Short Message Service (SMS) has become a dominant mode of communication in today’s world. One article describing SMS begins with the comment: “Just when we’re finally used to seeing everybody constantly talking on their cell phones, it suddenly seems like no one is talking at all. Instead, they’re typing away on tiny numerical pads, using their cell phones to send quick messages. SMS, or text messaging, has replaced talking on the phone for a new ‘thumb generation’ of texters.”
Without a doubt text messaging is a very convenient tool to relay information quickly, even to a number of recipients. It seems to have significantly increased our capacity to connect with other people. I, for one, am enjoying the convenience of being able to communicate to church leaders through a text message “blast.” In emergencies, it can be an extremely useful tool.
Yet, with all its convenience, I just wonder whether we really have become better at connecting—really connecting—with one another. Because oftentimes what can be observed seems to be more virtual connection—simply the appearance of connecting—rather than authentic personal connecting. For all the passing of information via texting, often it has a very impersonal feel to it. We can easily hide behind the text message and avoid the personal face-to-face (or voice-to-voice) interaction. Indeed, we hardly are “talking at all.”
Perhaps this virtual connection may also make us quite lax in our commitments. It could make it easier for us to flake out on (or ease the guilt of being late for) our appointments. We simply send an impersonal text message. And we assume that takes care of the real responsibility of doing our best to actually show up or be on time. Having to actually talk with the person you stood up would make it more difficult, wouldn’t it?

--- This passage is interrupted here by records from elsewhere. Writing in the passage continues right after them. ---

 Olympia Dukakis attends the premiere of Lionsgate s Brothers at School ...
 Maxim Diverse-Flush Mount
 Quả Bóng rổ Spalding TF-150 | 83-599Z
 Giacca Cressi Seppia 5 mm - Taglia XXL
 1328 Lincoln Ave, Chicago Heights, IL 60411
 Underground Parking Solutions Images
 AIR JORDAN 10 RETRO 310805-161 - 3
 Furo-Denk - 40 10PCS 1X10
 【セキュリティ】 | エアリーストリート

Text messaging too often is allowed to get in the way of one’s being “present” with the persons one is with. Communication and connection between people who are physically together can often be compromised because one or the other (or both) is not giving one’s full attention as one is having a text conversation with someone elsewhere. A New York Times article, for example, refers to the rampant issue of students’ inattention in class because they are engaged in text messaging.
The problem, of course, is not text messaging itself but the human tendency to misuse and abuse a good thing. Text messaging has its place in human communication. We only need to learn to use it responsibly and with maturity, and not allow it to take the place of personal interaction.